Opposition politicians say COP26 will show the failures of the Scottish National Party, which controls both the Scottish government and Glasgow City Council.

“I love Glasgow, it’s my home, but frankly the SNP let him down,” Scottish Labor leader Anas Sarwar told the dissolved parliament in Edinburgh on Thursday.

“Tons of trash are piling up on our streets, swaying in height, and over a million mice. Sarwar told Nicola Sturgeon, Scotland’s First Minister and fellow Glasgow MSP.

Scottish Labor leader Anas Sarwar, left, shows a box filled by Barry McCarvey © Andrew Milligan/PA

Sturgeon dismissed such criticism as “shameful” of Glasgow, which she called “one of the greatest cities in the world”.

Some Glasgow residents say its waste problems are exaggerated. “You can get that in any big city,” said Jacqueline McKinnon, a receptionist at a dental clinic. “If you go to London there will be rubbish everywhere.”

“All cities have rats,” SNP Chair Susan Aitken told visiting British MPs this week.

“There is now evidence of an increase of about 25 percent in the rat population during the pandemic,” she said.

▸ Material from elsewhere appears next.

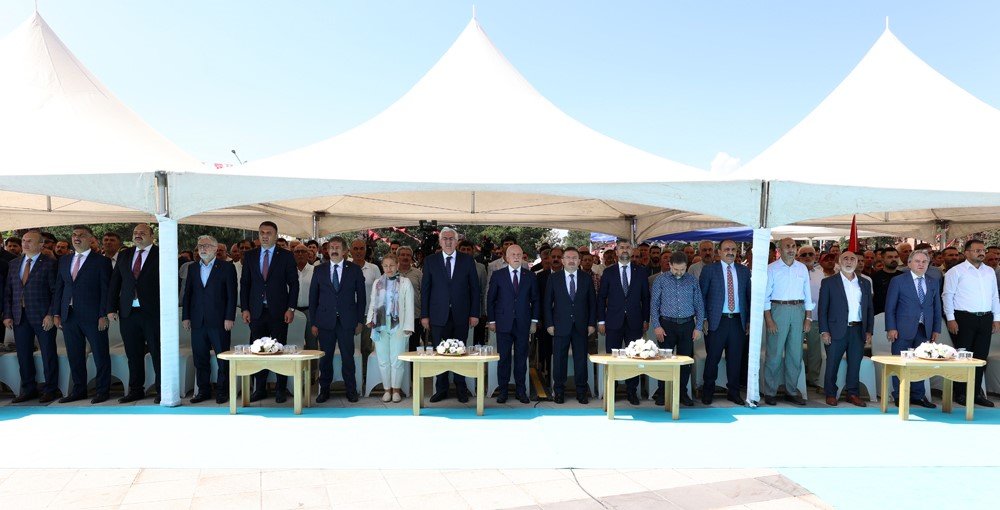 Büyükşehir’in eser yatırımları devam ediyor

An annual survey conducted by the charity Keep Scotland Beautiful indicates that in recent years the streets of Glasgow have been the dirtiest of the country’s major cities. But Aitken noted that the normally cleaner capital, Edinburgh, ranked lower in 2020/21.

Fortunately for the council’s hopes of beautifying Glasgow for its COP26 meeting, the GMB union on Friday suspended a threatened strike by waste pickers while its members consider a new payment offer.

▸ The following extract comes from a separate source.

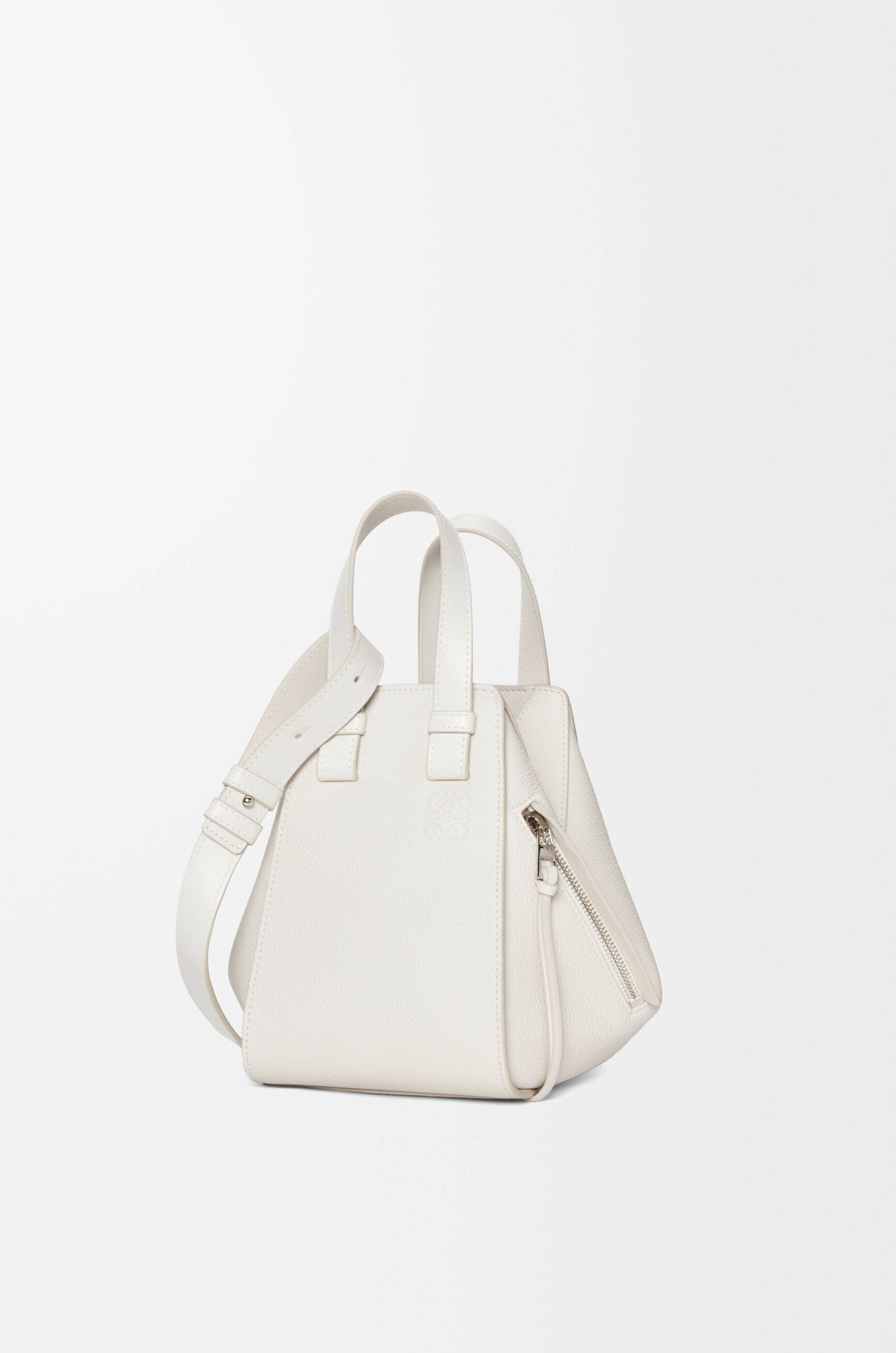 豊富なギフト ウィメンズ ラグジュアリーハンモックバッグ - LOEWE ハンドバッグ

A separate strike by rail workers was called off earlier in the week to put COP26 planners off.

Jacqueline McKinnon
Jacqueline McKinnon says trash is a problem in any big city © Jeremy Sutton-Hibbert / FT

However, the dirty streets risk reviving its reputation for extreme urban deprivation that Glasgow has worked so hard for decades to change.

While still plagued by poverty and unsympathetic urban planning, the city boasts some of Scotland’s most vibrant culture, finest architecture, and a well-educated workforce that has attracted financial sector investment in recent years.

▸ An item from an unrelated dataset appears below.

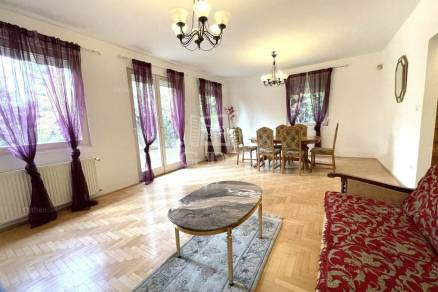 Dunakeszi eladó családi ház, 2+3 szobás, 120 négyzetméteres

Along the River Clyde directly from the COP26 complex, Britain’s Barclays bank this month unveiled a new five-building “state of the art” campus, which it plans to employ 5,000 staff by 2023.

But in recent weeks, more attention has been focused on the lack of accommodation for COP26 participants, with some Glasgow property owners raising prices even for those who book in advance.

A more welcoming approach has been taken by the Campaign Against Climate Chaos Scotland, which has created a home-stay network that has arranged for around 1,300 guests for low- or no-cost accommodation with more than 1,000 hosts in Glasgow and nearby cities and towns.

But Cat Jones, the coalition’s COP26 project manager, said about 3,000 potential participants were still looking for a place to stay.

Health experts warn that the Glasgow pool may also help boost coronavirus infection rates, which are still high by European standards.

But the biggest risk to Glasgow’s reputation may come from the difficulty negotiators are facing in crafting an international agreement on greenhouse gas emissions capable of limiting global warming to less than two degrees Celsius.

Alan McAllister
Alan McAllister cited late-falling foliage as a possible example of the growing impact of climate change © Jeremy Sutton-Hibbert / FT

McAllister’s van driver, Alan McAllister, said he wanted to see the summit result in a historic agreement of the kind reached in Paris in 2015 that set the 2C target.

McAllister, 51, pointed to the late leaves falling on trees along Argyle Street as a possible example of the growing impact of climate change that has demonstrated the importance of COP26.

“It will definitely put Glasgow on the map,” he said. “I just hope some good comes out of it, [otherwise] Glasgow will be seen as a missed opportunity.”